GIVEN INFORMATION:
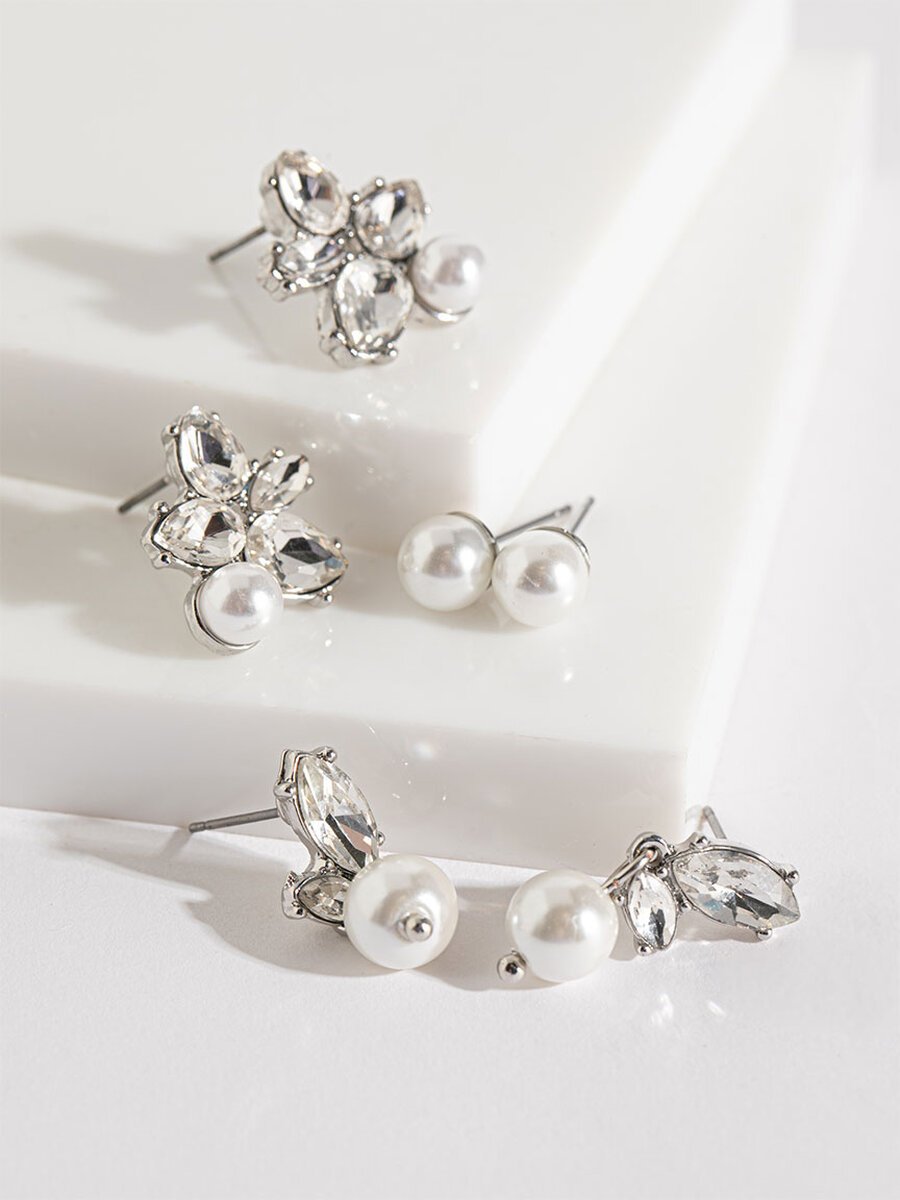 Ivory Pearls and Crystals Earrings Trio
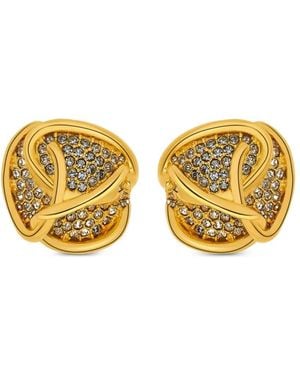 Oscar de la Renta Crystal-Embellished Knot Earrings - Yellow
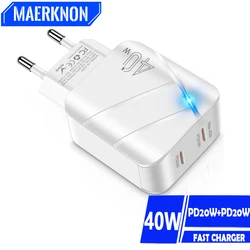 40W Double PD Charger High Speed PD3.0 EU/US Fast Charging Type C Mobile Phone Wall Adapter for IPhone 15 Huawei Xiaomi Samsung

PROBLEM STATEMENT: For every line above, produce an exact transcription that omits the images.

WRITTEN ANSWER:
 Ivory Pearls and Crystals Earrings Trio
 Oscar de la Renta Crystal-Embellished Knot Earrings - Yellow
 40W Double PD Charger High Speed PD3.0 EU/US Fast Charging Type C Mobile Phone Wall Adapter for IPhone 15 Huawei Xiaomi Samsung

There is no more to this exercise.